Thursday, August 27, 2009

Ouch!

Is there anything that hurts more than when your children hurt? I think not. From their birth we try to protect them and to rear them to be responsible, happy adults. Then we have grandchildren.

When the grandkids come, we find a new part of ourselves that we had no idea existed. I know this because I looked for this part before grandkids (BG) and could not find it. Sydney is born and all of a sudden I am locked in the jaws of this incredible love for a helpless little bundle. When I'm sure that I have felt the supreme amount of love one could have for another, I have granddaughter #2 capture my heart. Gabby was good at it.
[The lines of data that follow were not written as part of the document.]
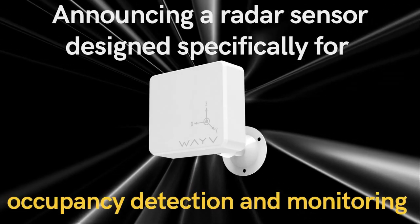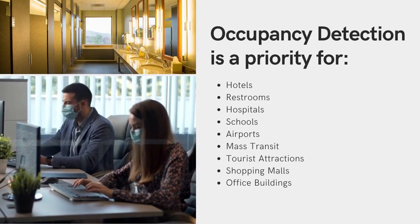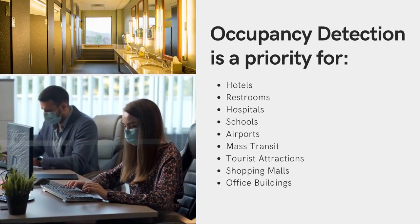I thought this would be a good opportunity to show you in person what the Wave Air actually looks like. Look at the size of this little guy. This is what is being used for occupancy detection and IoT projects of all sorts. It is a 60 gigahertz radar sensor that has just gotten FCC certification and it's ready. It is smaller than a hockey puck.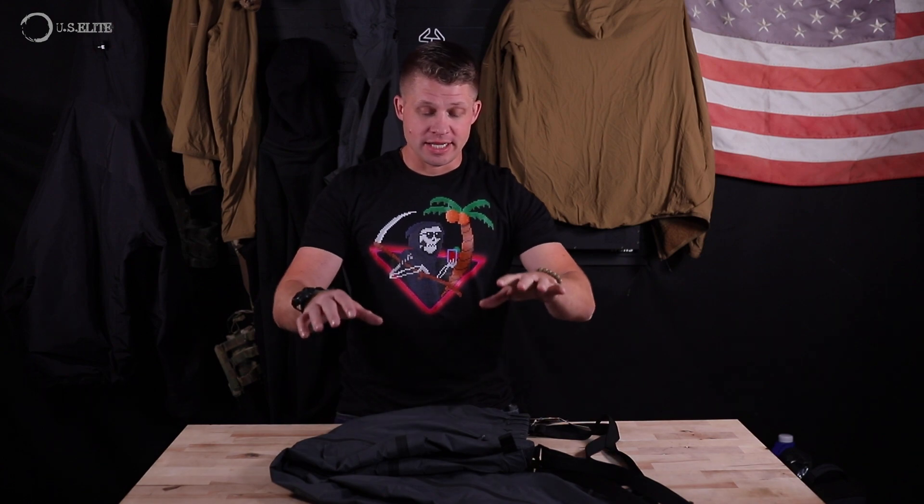These pants are made of a Gore-Tex GTX nylon ripstop with DWR coating, so they are extremely waterproof. These are your hurricane pants. Now these are only a hard shell, or a final barrier layer — an environmental barrier layer — so they're not really going to help with warmth.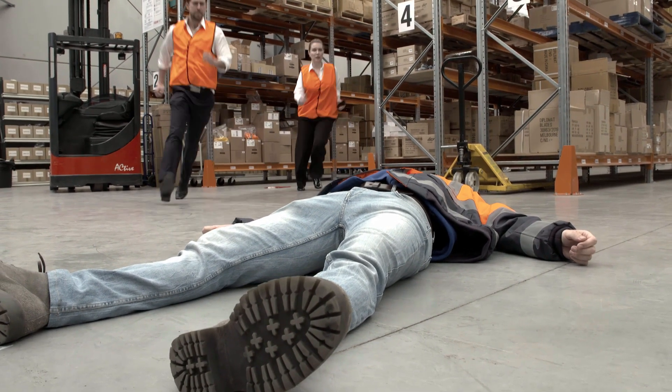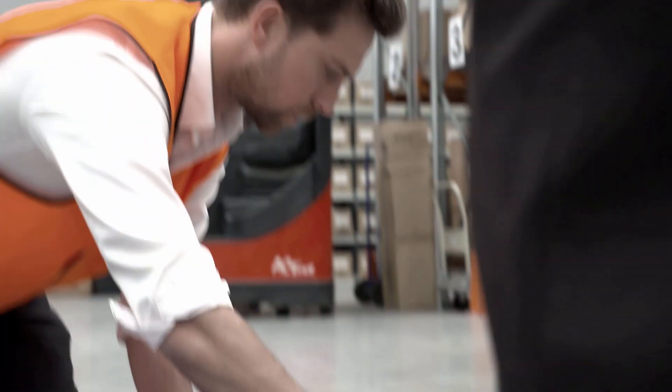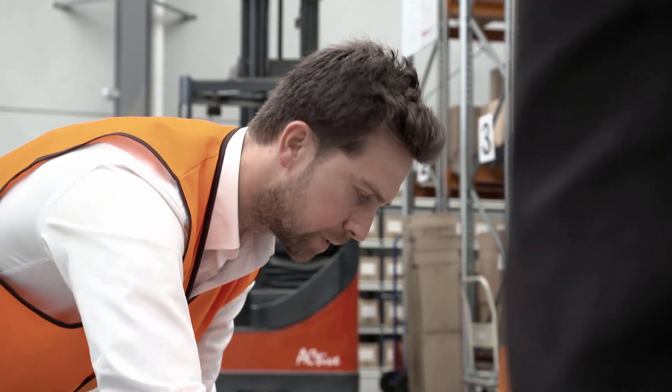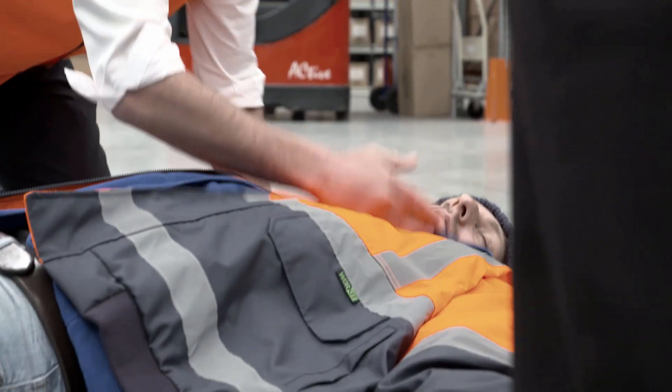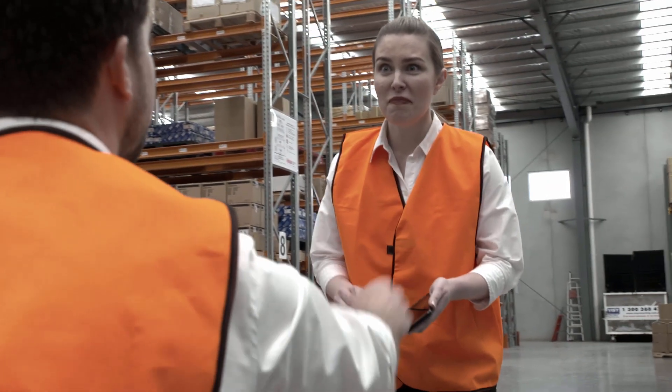Check the patient's response to talk and touch. Touch or tap the patient's cheek and ask if they're okay. If there is no response, call Triple O Ambulance. Call Triple O and get the defib.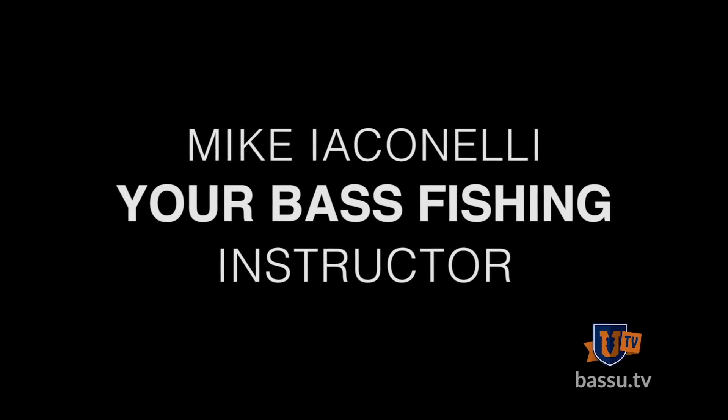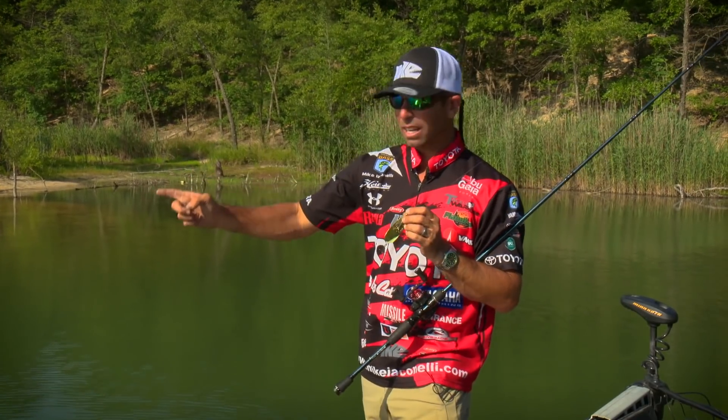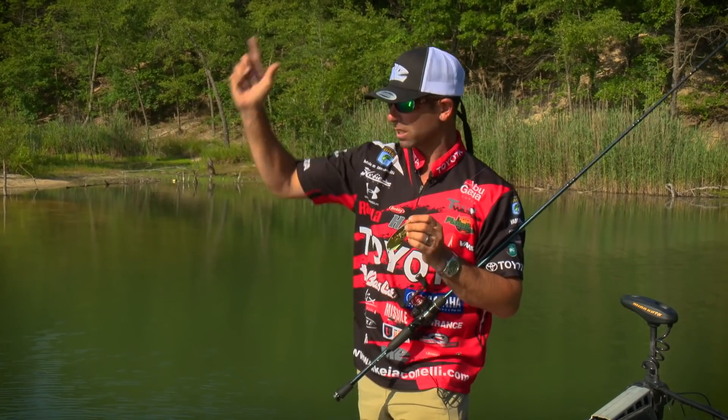The information Bass University provides isn't your basic run-of-the-mill fishing video. This is specific information from A to Z to help you learn, get to the water, and become a better angler quickly.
The lucky thing is that at the age I am now I have actually leaned a few things. I learned that I cannot make my children learn my lessons. I learned that I can put myself aside and find more of myself in the children I now watch grow. I rather like being 'older'. Responsibility has been given back to those who own it. There are secret places in my brain I am just discovering. And best, of all, I have learned that I am ageless.

It's difficult to see your children hurting and even harder to watch the grandchildren. We hope that their parents will have knowledge to help their children, and we hope that somewhere over the years we passed off good lessons that will assist in this challenge of growing up.

I'm still growing up. I like the journey. Now I supply bandaids and an occasional word of advice. I listen to little ones. Not only by what they say but very often by what they don't.

Ouch. Growing up is not easy. But I intend to do the best I can.